Ein Beben hat das politische System Japans heimgesucht. Es war außerordentlich stark und hat insbesondere die Parteienlandschaft getroffen. Wie immer nach solch einer schweren Erschütterung fällt es nicht leicht, die unmittelbaren Wirkungen und längerfristigen Folgen sofort abzuschätzen. Sicher ist vorerst nur, daß die seit 38 Jahren allein herrschende Liberal-Demokratische Partei (LPD) *) einer recht bunten Koalition kleinerer Parteien weichen muß. Sehr wahrscheinlich ist, daß in naher Zukunft das Wahlsystem verändert und die Parteienfinanzierung neu geregelt werden.

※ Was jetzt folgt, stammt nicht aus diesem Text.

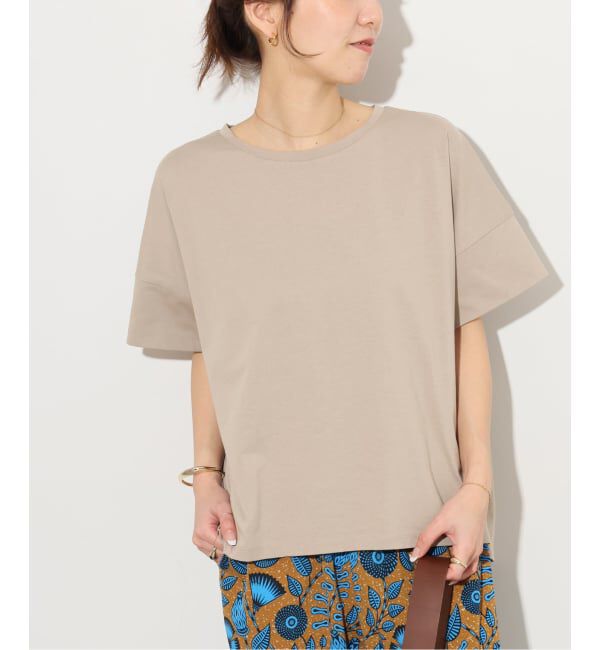 JOURNAL STANDARD relume「《追加》オーガニックコットン汗染み防止2WAY TEE」|Tシャツ・カットソー|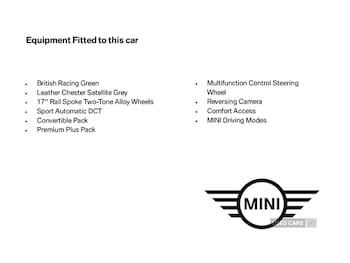 Used MINI Convertible 2023 for sale - 75678586: Photo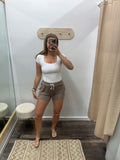 Brushed Lounge Shorts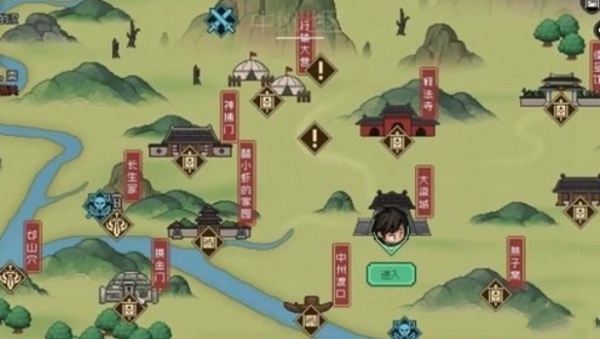 大侠立志传摸金门任务攻略
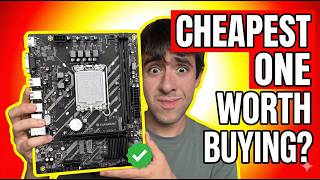 I Bought the CHEAPEST LGA 1700 Motherboard I Could Find - Huananzhi H610M-K Review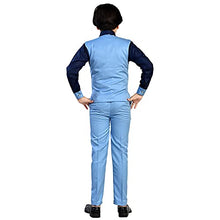 Load image into Gallery viewer, RUDRSHRI Boy&#39;s 3-Piece Suit Blue
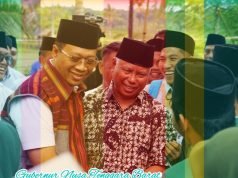 Bang Zul Bagikan Sembako di Lombok Timur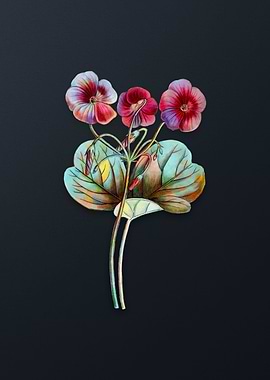 Vintage Bowies Oxalis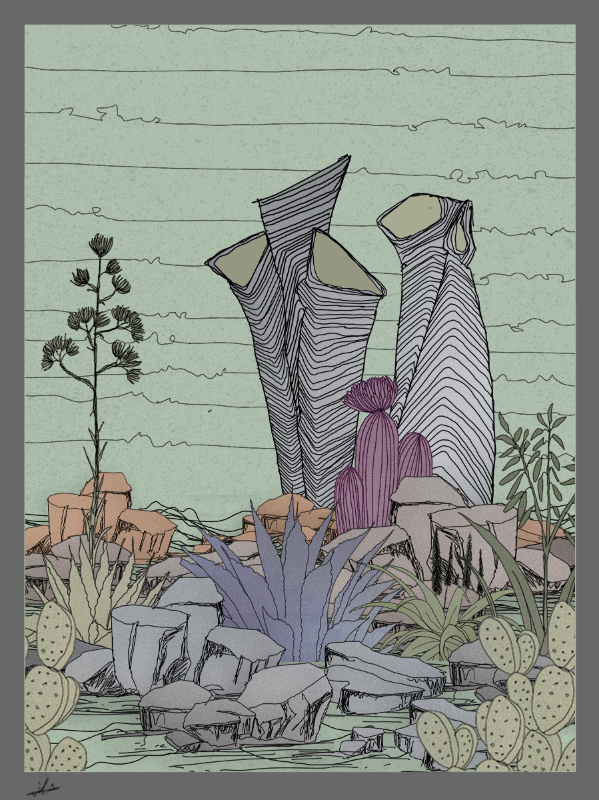 Zentangle #arizona #42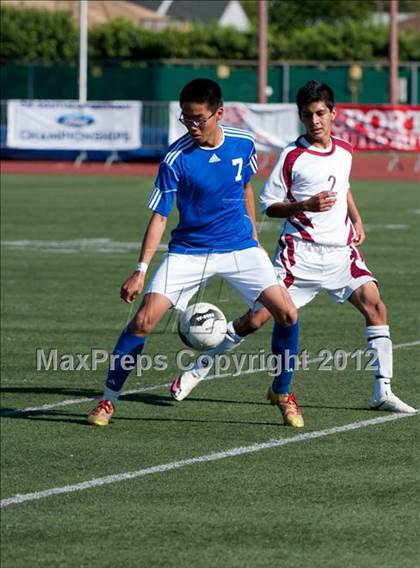 Thumbnail 1 in Cate vs. University Prep (CIF SS D7 Final) photogallery.
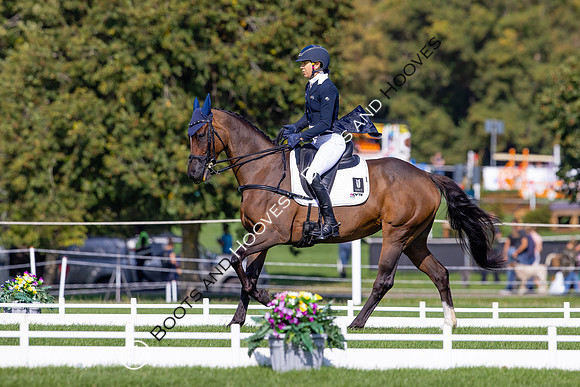 Agria Blenheim Palace International Horse Trials hosting the Agria FEI Eventing European Championship, Eventing, Blenheim Palace, Oxfordshire, UK - 19 Sep 2025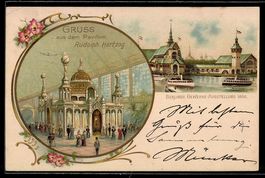 Litho Berlin, Gewerbe-Ausstellung 1896, 
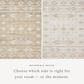 Angela Rose Rivers 2"3" x 3"9" Natural and Ivory Area Rug, , large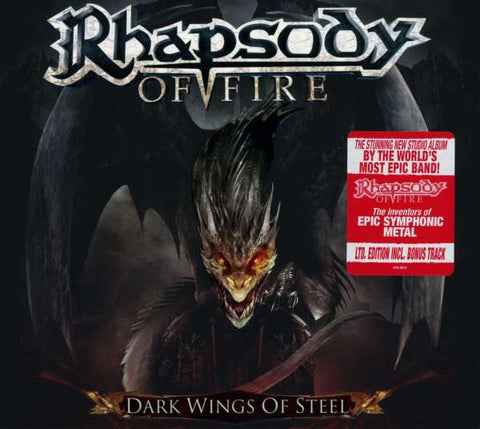 Rhapsody Of Fire  - Dark Wings Of Steel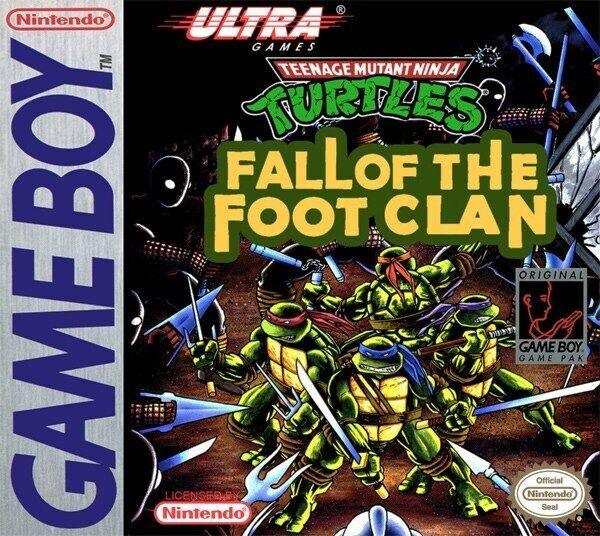 Turtles - Fall of The Foot Clan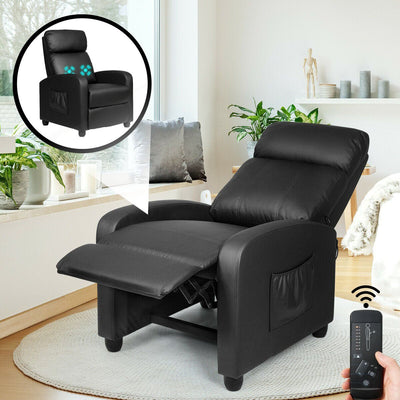 PREMIUM Ergonomic 8 Functions Modern Massage Recliner Chair - Avionnti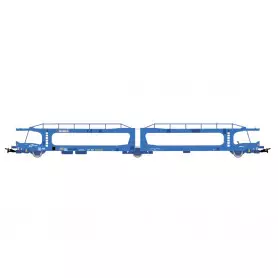 Wagon porte autos Laeks BRAMBLES ép. IV SNCF - HO 1/87 - JOUEF HJ6267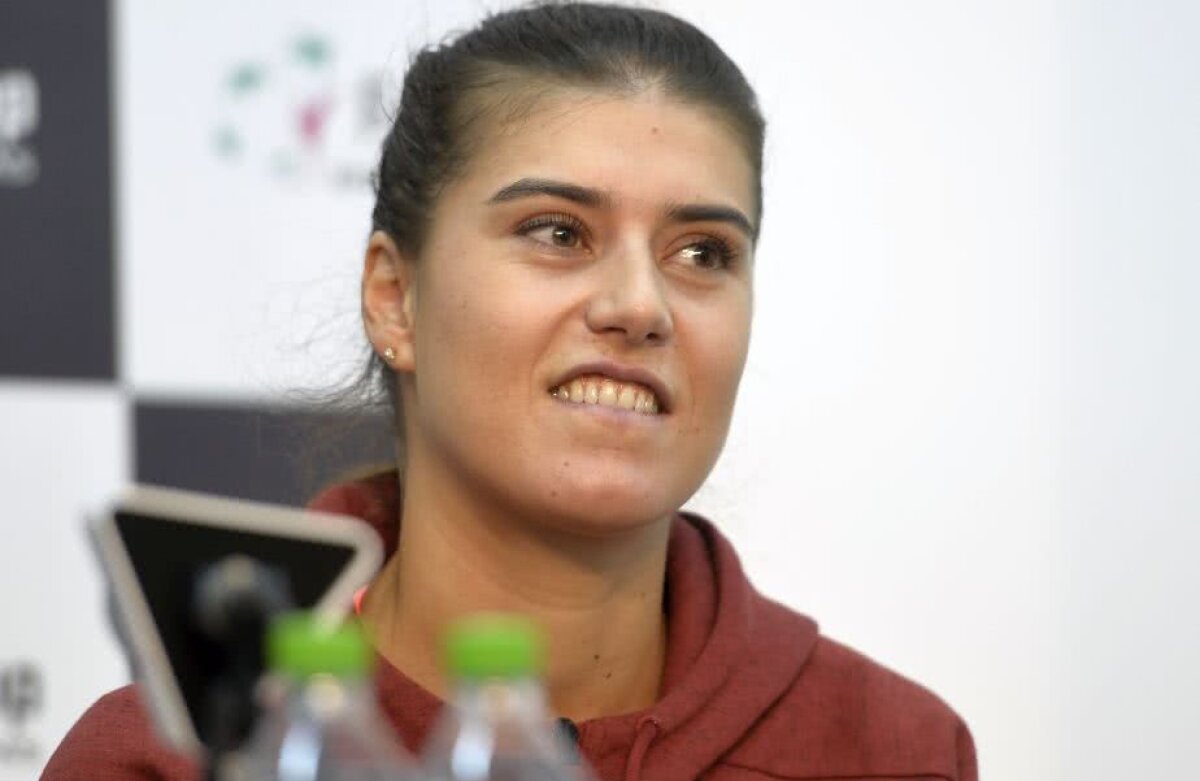 Sorana Cîrstea, la plecarea spre Cluj: "Nu stăm în Simona! România are noroc cu așa echipă, având în vedere că n-a făcut prea multe pentru noi"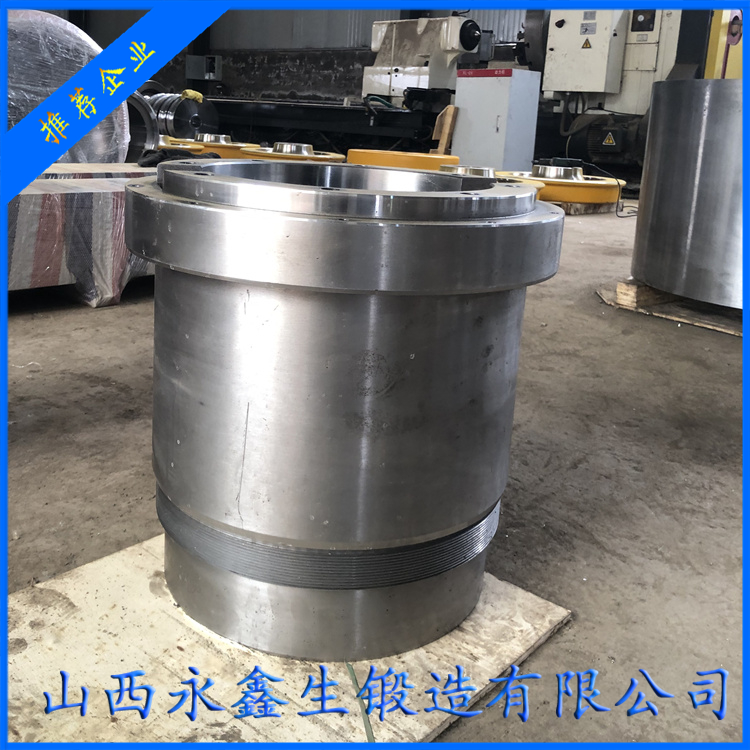 火电汽缸与管道筒体锻件生产解析，永鑫生重工配套超临界火电项目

Ob das vielzitierte "Eiserne Dreieck" zwischen konservativer Politik, Wirtschaft und Bürokratie 1) aufbricht, bleibt abzuwarten. Ob die Machtverhältnisse, der politische Prozeß und die politische Kultur im Lande der aufgehenden Sonne eine grundlegende Veränderung erfahren werden, wird sich noch zeigen. Versuchen wir also zunächst, den Ablauf der Ereignisse zu rekonstruieren.
Der Sturz der Regierung Miyazawa
Mitte Juni 1993 war es endlich soweit. Die regierende LDP wurde der immer verzwickter werdenden internen Kämpfe zwischen den machtpolitisch strukturierten Fraktionen (Habatsu) wie auch zwischen den verschiedenen sachpolitisch ausgerichteten transfraktionalen Interessengruppen (Zoku) nicht mehr Herr 2). Parteipräsident und Regierungschef Kiichi Miyazawa mußte am 15.6.